For an explanation of `%g`

, see Format Specification Mini-Language.

**UPDATE:** Answer was accurate at time of writing, and floating point precision is still not something you get by default with to_csv/read_csv (precision-performance tradeoff; defaults favor performance).

Nowadays there is the `float_format`

argument available for `pandas.DataFrame.to_csv`

and the `float_precision`

argument available for `pandas.from_csv`

.

The original is still worth reading to get a better grasp on the problem.

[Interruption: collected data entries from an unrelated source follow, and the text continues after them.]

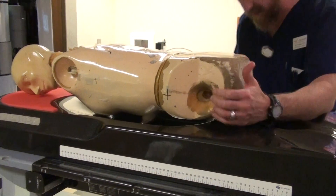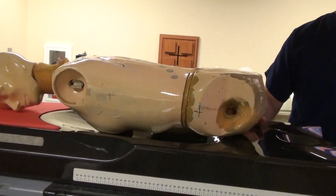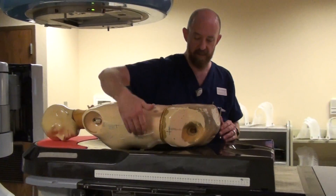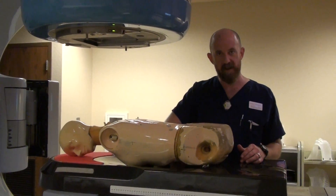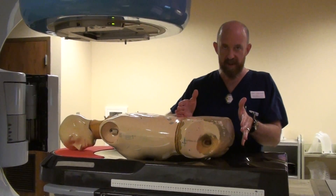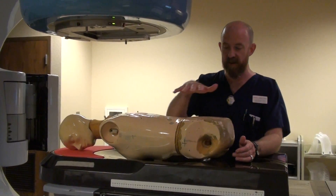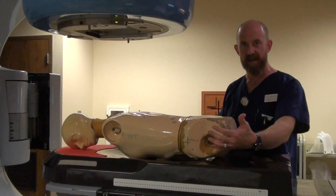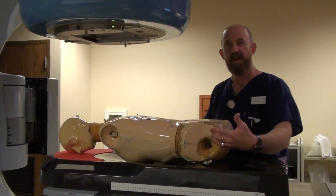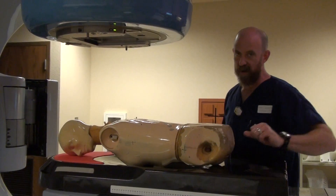You want the symphysis to be right on the edge of the inferior edge of the belly board hole. What that does is it allows the soft tissue of the belly to fall into the hole, and it falls anterior from any treatment portals you may have. This is typically done on a three-field technique. If you're treating with a PA and two laterals, those laterals can be relatively large. You want the smallest amount of small bowel as possible to come in contact with that treatment field, so we do this so that it falls anterior to any lateral treatment fields.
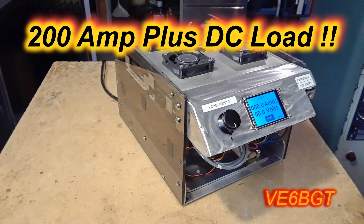Hello again from Skip Victor Echo 6 Bravo Golf Tangle. I have another real interesting project to share with you all. Once again, I took a small experiment and got carried away and supersized it into a huge project. Some other friends have just described this as another foot warmer that I've built to keep me warm on some cold winter nights here in Canada.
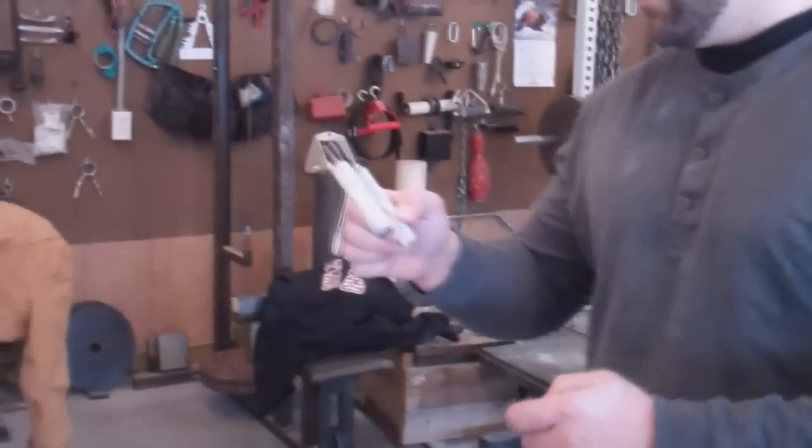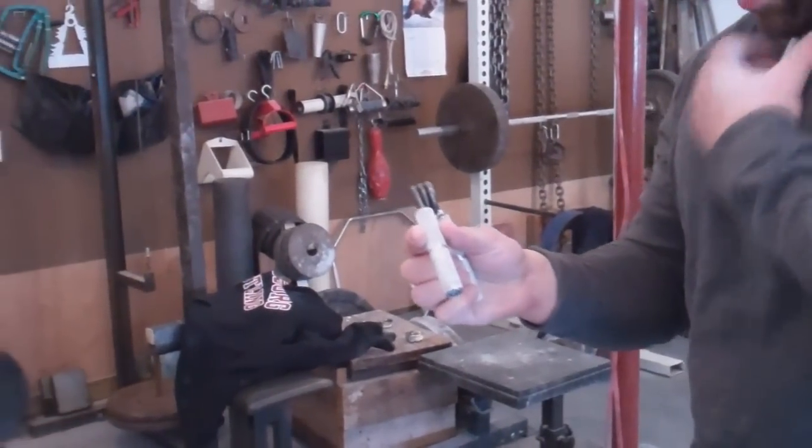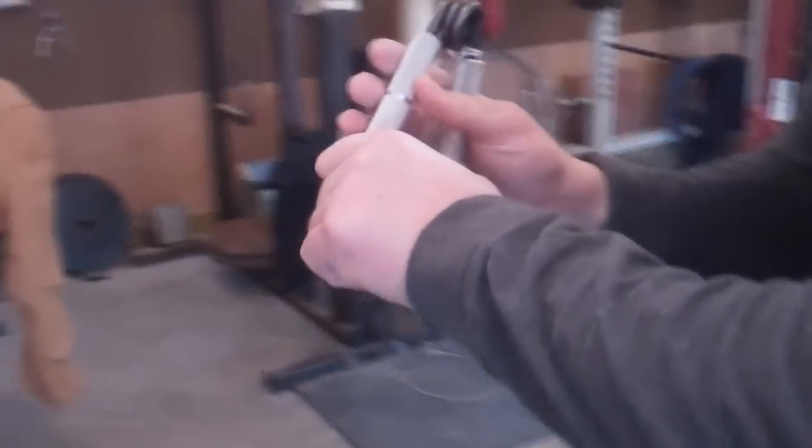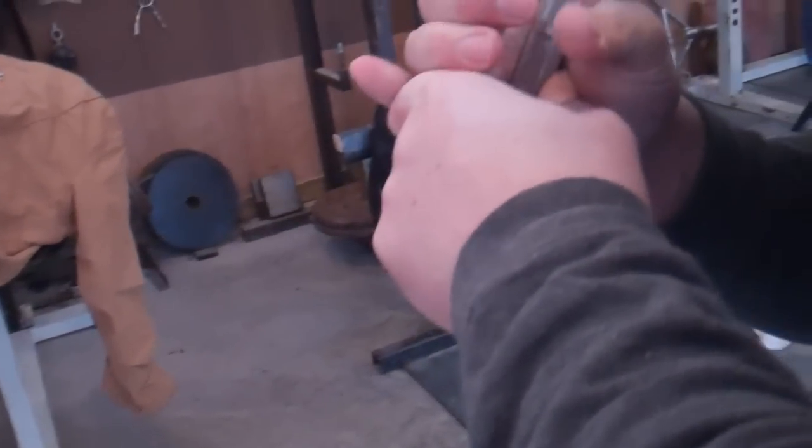It says 'Number 3' right on it — you might be able to see this. It hasn't been rated yet. The person that had it wrote it on with marker. As you can see, the thumb side of the handle is cut.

It was a bug in pandas, not only in "to_csv" function, but in "read_csv" too. It's not a general floating point issue, despite it's true that *floating point arithmetic* is a subject which demands some care from the programmer. This article below clarifies a bit this subject:

```
http://docs.python.org/2/tutorial/floatingpoint.html
```

A classic one-liner which shows the "problem" is ...

```
>>> 0.1 + 0.1 + 0.1
0.30000000000000004
```

... which does not display 0.3 as one would expect. On the other hand, if you handle the calculation using *fixed point arithmetic* and only in the last step you employ *floating point arithmetic*, it will work as you expect. See this:

```
>>> (1 + 1 + 1) * 1.0 / 10
0.3
```

If you desperately need to circumvent this problem, I recommend you create another CSV file which contains all figures as integers, for example multiplying by 100, 1000 or other factor which turns out to be convenient. Inside your application, read the CSV file as usual and you will get those integer figures back. Then convert those values to floating point, dividing by the same factor you multiplied before.